Guernsey Press

Experiment has not lived up to billing

IT IS EASILY forgotten as the years roll by that this States Assembly is an experiment.

Published

It is four years since deputies approved the States Review Committee’s third policy letter and set the seal on a radical transformation of government.

Out went the Policy Council gathering of 10 departmental ministers, in came a five-person Policy & Resources team in a bid to tie the purse strings to policy making.

Out went 15% of deputies, bringing the number down to 38, and ministers became humble committee presidents.

Finally, the number of principal committees was reduced to just six, supported by a set of boards, authorities and commissions.

Some grand promises were made at the time.

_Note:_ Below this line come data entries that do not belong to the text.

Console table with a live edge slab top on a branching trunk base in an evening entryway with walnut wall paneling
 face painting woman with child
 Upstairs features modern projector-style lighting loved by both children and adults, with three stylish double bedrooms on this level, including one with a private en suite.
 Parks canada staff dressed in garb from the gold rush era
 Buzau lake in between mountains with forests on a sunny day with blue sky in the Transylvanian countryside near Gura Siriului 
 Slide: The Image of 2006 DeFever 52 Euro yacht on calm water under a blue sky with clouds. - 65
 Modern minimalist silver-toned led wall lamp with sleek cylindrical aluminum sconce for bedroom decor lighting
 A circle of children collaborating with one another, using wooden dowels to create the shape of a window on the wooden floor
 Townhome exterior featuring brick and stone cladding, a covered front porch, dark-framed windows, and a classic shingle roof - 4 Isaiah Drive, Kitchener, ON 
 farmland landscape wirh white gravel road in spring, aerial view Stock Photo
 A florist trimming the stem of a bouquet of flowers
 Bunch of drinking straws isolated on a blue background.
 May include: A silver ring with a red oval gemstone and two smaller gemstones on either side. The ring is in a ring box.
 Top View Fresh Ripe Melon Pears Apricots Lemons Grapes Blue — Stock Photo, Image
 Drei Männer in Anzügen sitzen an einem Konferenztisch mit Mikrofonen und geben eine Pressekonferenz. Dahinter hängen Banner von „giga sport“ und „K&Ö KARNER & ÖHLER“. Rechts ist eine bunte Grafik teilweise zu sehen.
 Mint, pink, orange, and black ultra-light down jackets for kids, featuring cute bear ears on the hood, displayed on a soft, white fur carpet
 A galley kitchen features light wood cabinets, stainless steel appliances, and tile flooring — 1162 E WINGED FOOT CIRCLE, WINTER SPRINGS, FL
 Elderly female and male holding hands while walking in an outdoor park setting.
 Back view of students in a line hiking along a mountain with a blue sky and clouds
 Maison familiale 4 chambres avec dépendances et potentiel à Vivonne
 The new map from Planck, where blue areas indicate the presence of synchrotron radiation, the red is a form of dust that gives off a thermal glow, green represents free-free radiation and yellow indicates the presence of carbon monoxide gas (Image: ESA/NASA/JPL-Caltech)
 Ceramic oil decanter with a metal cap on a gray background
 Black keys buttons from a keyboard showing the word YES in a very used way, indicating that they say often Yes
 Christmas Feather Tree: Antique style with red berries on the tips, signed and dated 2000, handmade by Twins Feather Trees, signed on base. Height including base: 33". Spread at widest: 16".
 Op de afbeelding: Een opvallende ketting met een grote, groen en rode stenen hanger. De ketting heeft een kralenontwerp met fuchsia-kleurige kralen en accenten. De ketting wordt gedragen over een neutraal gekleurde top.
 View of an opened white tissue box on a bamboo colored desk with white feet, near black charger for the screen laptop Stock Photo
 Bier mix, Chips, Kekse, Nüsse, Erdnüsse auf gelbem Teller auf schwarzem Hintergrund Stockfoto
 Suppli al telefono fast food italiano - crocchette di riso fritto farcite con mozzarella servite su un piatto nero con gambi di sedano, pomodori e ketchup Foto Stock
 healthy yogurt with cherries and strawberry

It would be a less bureaucratic way of implementing policy changes and would strengthen the committees’ ownership of policies they propose while making senior civil servants more accountable to the committees they serve.

It is fair to say that the new system has not lived up to its billing.

The last three years have not brought a more decisive Assembly, instead decision-making has often been painfully slow.

A tension has grown between Policy & Resources and the principal committees with the latter often accusing the former of exceeding its authority by withholding revenue for staff and projects.

From the start, Scrutiny Management, a key part of the original proposals, has been frustrated by its lack of genuine authority to hold committees to account. Without an effective check on committee actions the States has often looked unbalanced and lacking in transparency.

The mandates of the senior committees and boards continue to confuse. This week Policy & Resources will attempt to tidy up some of the loose ends but the public remains nonplussed about where, for example, the powers of Environment & Infrastructure end and those of the Development & Planning Authority begin.

And issues that span the authority of several committees, such as sea and air travel, consistently frustrate.

Some deputies will argue that these are teething problems that can be sorted in the second term. The likelihood is that we face four more years of inertia.